- **SUPPLIED MATERIAL**:
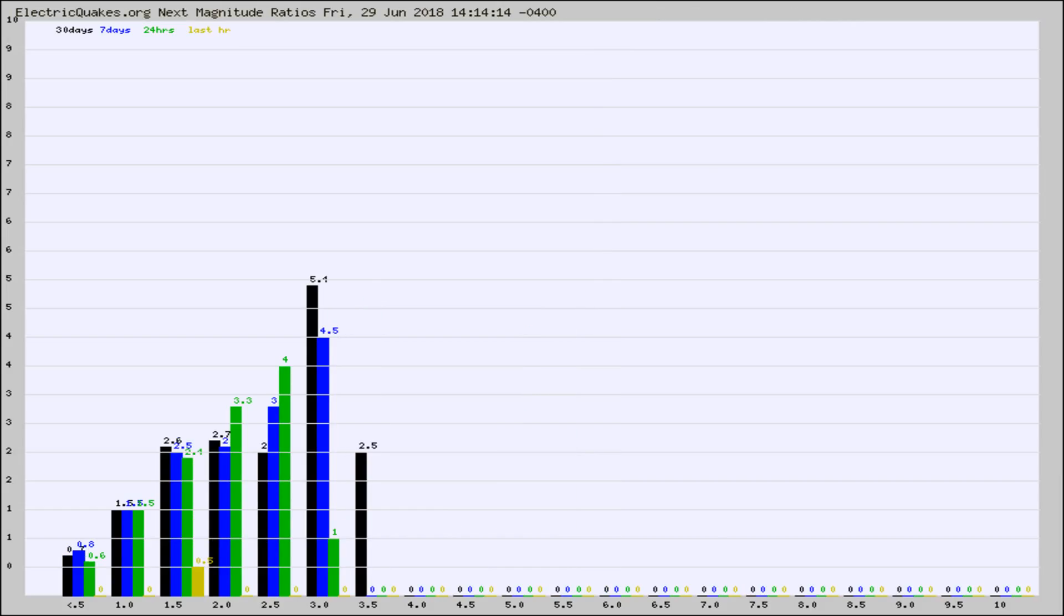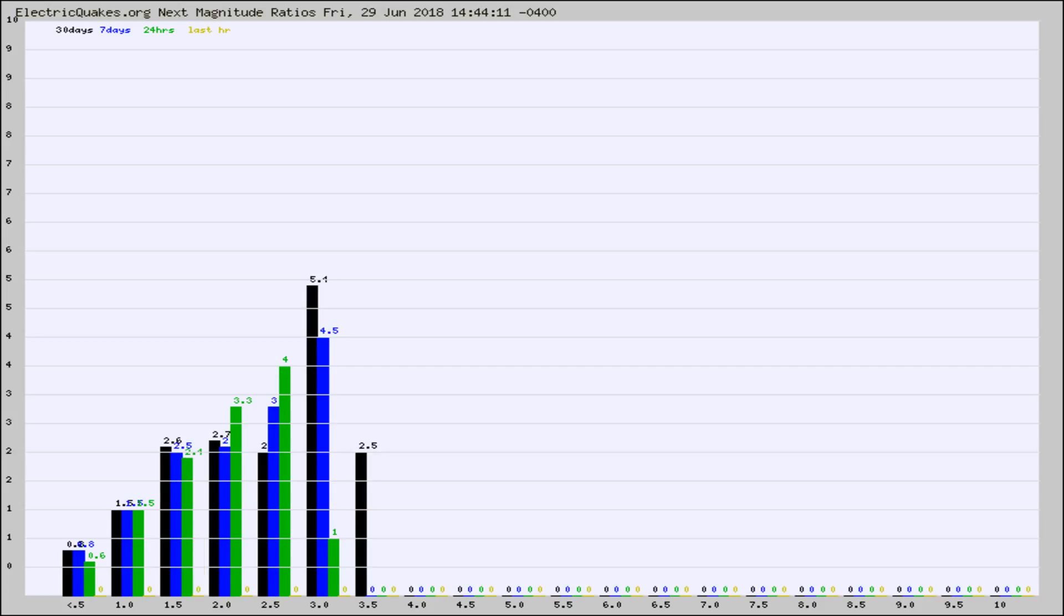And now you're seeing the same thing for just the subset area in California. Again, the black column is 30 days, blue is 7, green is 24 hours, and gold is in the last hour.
* * *
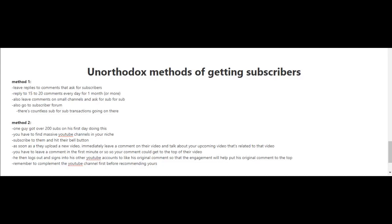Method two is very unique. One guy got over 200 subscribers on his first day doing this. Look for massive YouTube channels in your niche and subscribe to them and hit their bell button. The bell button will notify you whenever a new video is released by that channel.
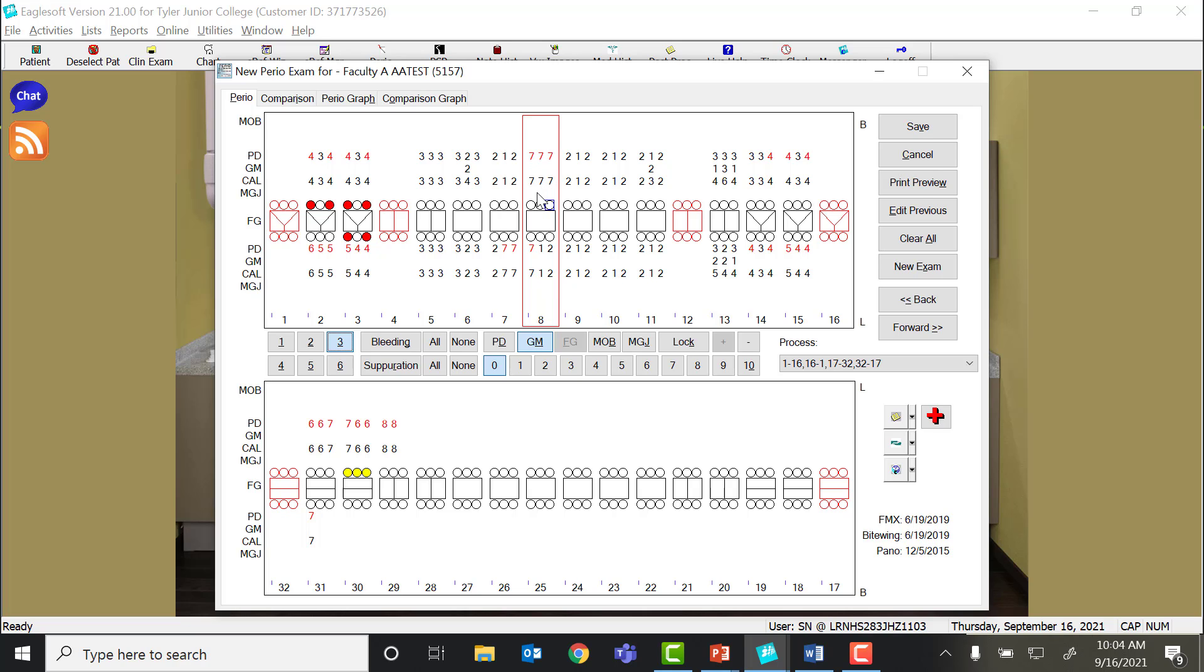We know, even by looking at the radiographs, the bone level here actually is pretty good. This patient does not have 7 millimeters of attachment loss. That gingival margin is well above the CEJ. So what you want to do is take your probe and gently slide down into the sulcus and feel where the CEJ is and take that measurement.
...
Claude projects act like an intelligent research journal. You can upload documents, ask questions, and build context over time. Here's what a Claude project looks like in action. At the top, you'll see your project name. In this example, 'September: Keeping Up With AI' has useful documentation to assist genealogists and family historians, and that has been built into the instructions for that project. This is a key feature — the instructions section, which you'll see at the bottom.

- **TRY IT**:
In the listing above, find the line with "Method two is" and the line with "We know, even". Copy exactly those two and every line between, without the pictures.

- **WRITTEN ANSWER**:
Method two is very unique. One guy got over 200 subscribers on his first day doing this. Look for massive YouTube channels in your niche and subscribe to them and hit their bell button. The bell button will notify you whenever a new video is released by that channel.
We know, even by looking at the radiographs, the bone level here actually is pretty good. This patient does not have 7 millimeters of attachment loss. That gingival margin is well above the CEJ. So what you want to do is take your probe and gently slide down into the sulcus and feel where the CEJ is and take that measurement.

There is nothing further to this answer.